Any remittance shall be paid within thirty (30) days of the invoice mailing, or
within other reasonable time periods established by the advisory
board.
(I) Offsets. The
contract carrier or plan administrator and any servicing carriers, or the
reinsurers shall have and may exercise at any time, and from time to time, the
right to offset any balance or balances whether on account of premiums or on
account of losses or obligations otherwise due from one party to the other or
any affiliate thereof in their capacities under the terms of this
rule.
(J) Currency. All limits
under this rule are expressed in United States dollars and all premium and loss
payments shall be made in United States currency. For the purposes of this rule
amounts paid or received by the contract carrier or plan administrator and any
servicing carriers in any other currency shall be converted into United States
dollars at the rates of exchange at which such transactions are converted on
the books of the contract carrier, plan administrator or servicing
carrier.
(K) Inadvertent Delays,
Errors or Omissions in Performance. Inadvertent delays, errors or omissions
made in connection with this rule or any transaction hereunder shall not
relieve either party from any liability which would have attached had such
delay, error or omission not occurred, provided that such error or omission
will be rectified as soon as possible after discovery.
(L) Insolvency.
1. In the event of the insolvency of the
contract carrier, the plan administrator or a servicing carrier, reinsurance
owed under this rule shall be payable directly to the insolvent entity or its
liquidator, receiver, conservator or statutory successor on the basis of the
liability of the insolvent entity without diminution because of the insolvency
of the entity or because the liquidator, receiver, conservator or statutory
successor of the entity has failed to pay all or a portion of any
claim.
2. The liquidator, receiver,
conservator or statutory successor of the insolvent contract carrier, plan
administrator or servicing carrier shall give written notice to the reinsurers
of the pendency of a claim against the insolvent entity indicating the contract
or bond reinsured which claim would involve a possible liability on the part of
the reinsurers within a reasonable time after such claim is filed in the
conservation or liquidation proceeding or in the receivership, and that during
the pendency of such claim, the reinsurers may investigate such claim and
interpose at their own expense, in the proceeding where such claim is to be
adjudicated, any defense or defenses that they may deem available to the
insolvent entity or its liquidator, receiver, conservator or statutory
successor.
3. The expense thus
incurred by the reinsurers shall be chargeable, subject to the approval of the
court, against the insolvent entity as part of the expense of conservation or
liquidation to the extent of a pro rata share of the benefit
which may accrue to the insolvent entity solely as a result of the defense
undertaken by the reinsurers.
4.
The reinsurance shall be payable by the reinsurers to the contract carrier or
the plan administrator and any servicing carriers or their liquidator,
receiver, conservator or statutory successor, except as provided by applicable
law except where this rule specifically provides another payee of such
reinsurance, in the event of the insolvency of such entity and where the
reinsurers, with the consent of the direct insureds, have assumed such policy
obligations of the reinsurers to the payees under such policies and in
substitution for the obligations of the insolvent entity to such
payees.
5. In the event any
reinsurer becomes insolvent, participation by such reinsurer under this rule
shall be deemed terminated at the time such reinsurer becomes insolvent The
outstanding liability of an insolvent reinsurer shall be assumed by and
apportioned among the remaining reinsurers in the same manner for which other
liabilities are apportioned..
(M) Security. If determined by the director
or the reinsurance administrator, the contract carrier, plan administrator,
servicing carriers or the reinsurers will provide such security for the benefit
of the parties to this rule as determined by the director or the reinsurance
administrator.
(N) Commencement and
Termination.
1. This rule shall apply to the
individual contract carrier agreement or plan administrator agreement for the
period of said agreement and any extensions thereto.

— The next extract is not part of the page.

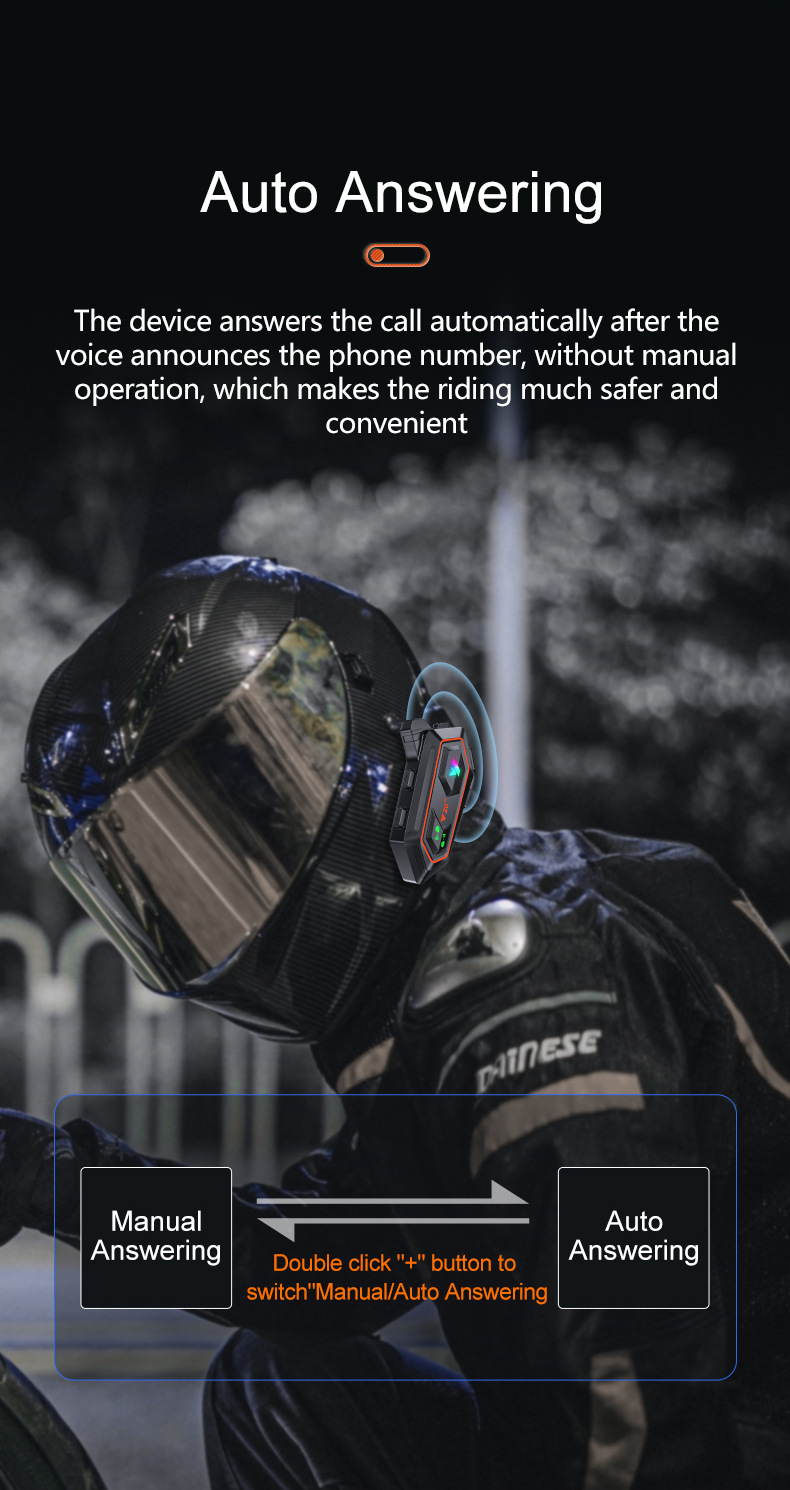 Cross-Border Y202X Helmet Bluetooth Headset Qualcomm Waterproof and Dustproof Long-Lasting Motorcycle Helmet Dual Intercom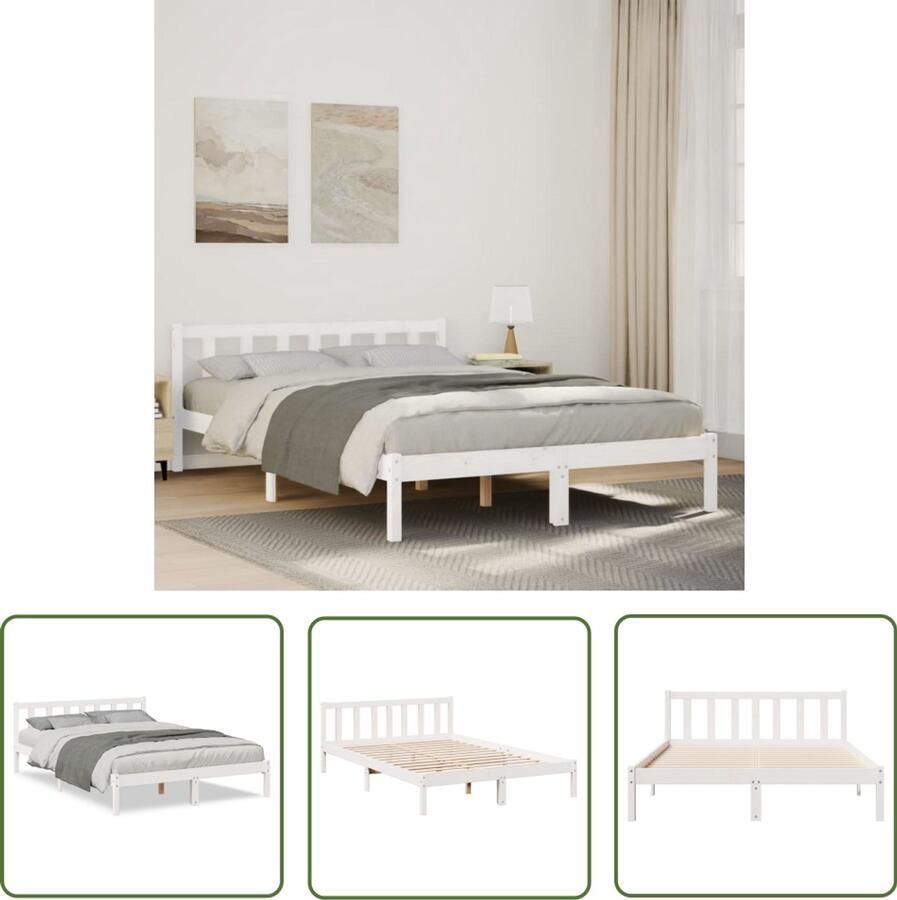VidaXL Bedframe extra lang zonder matras grenenhout wit 160x220 cm Bed Frame Grenen Hout Bedbank Tweepersoonsbed Kingsize Bed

2. A reinsurer's responsibility under this
rule may be terminated by the reinsurer only upon surrender of its authority to
write workers' compensation in Missouri. The reinsurance administrator shall
inform the director of any reinsurer that terminates its participation under
this rule.
3. If the reinsurance
administrator determines that the contract carrier, plan administrator or
servicing carrier is not in compliance with any provision of this rule, the
contract carrier or plan administrator agreement, or any performance standards,
it shall notify the director, the contract carrier, plan administrator or
servicing carrier of such noncompliance. The director shall have the right to
take appropriate action as specified in the ARM Plan or the contract carrier
agreement or plan administrator agreement.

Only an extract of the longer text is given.